# Assignment
A faithful copy is needed of the lines below from the one with "silhouette lover couple" up to and including the one with "Chiropractor Buellton CA"; set it down with no pictures and no other lines.

# Source information
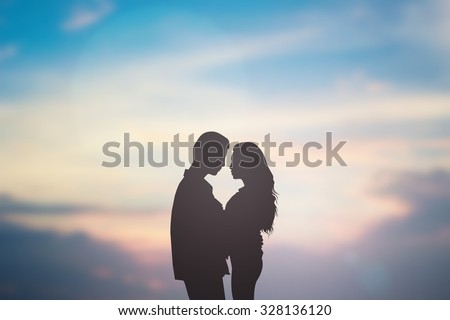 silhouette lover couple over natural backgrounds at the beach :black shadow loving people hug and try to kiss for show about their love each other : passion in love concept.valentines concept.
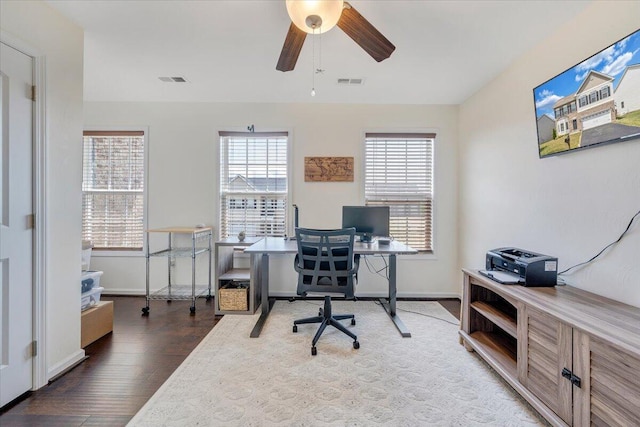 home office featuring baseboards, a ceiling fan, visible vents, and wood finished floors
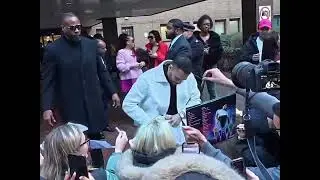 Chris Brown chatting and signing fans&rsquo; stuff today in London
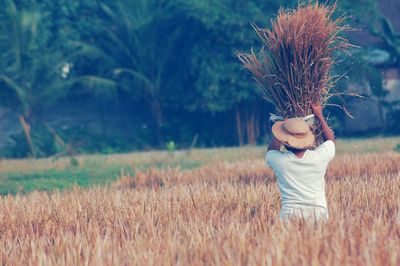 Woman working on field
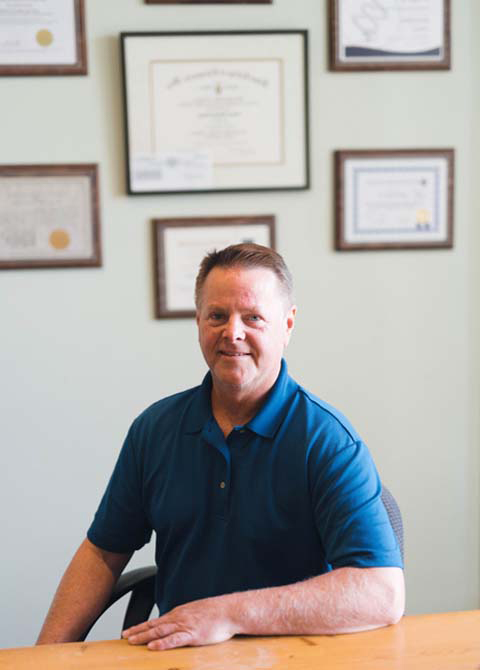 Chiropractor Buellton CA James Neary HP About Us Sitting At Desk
...
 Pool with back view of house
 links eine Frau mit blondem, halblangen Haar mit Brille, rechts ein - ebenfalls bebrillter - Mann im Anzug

# Expected output
 silhouette lover couple over natural backgrounds at the beach :black shadow loving people hug and try to kiss for show about their love each other : passion in love concept.valentines concept.
 home office featuring baseboards, a ceiling fan, visible vents, and wood finished floors
 Chris Brown chatting and signing fans&rsquo; stuff today in London
 Woman working on field
 Chiropractor Buellton CA James Neary HP About Us Sitting At Desk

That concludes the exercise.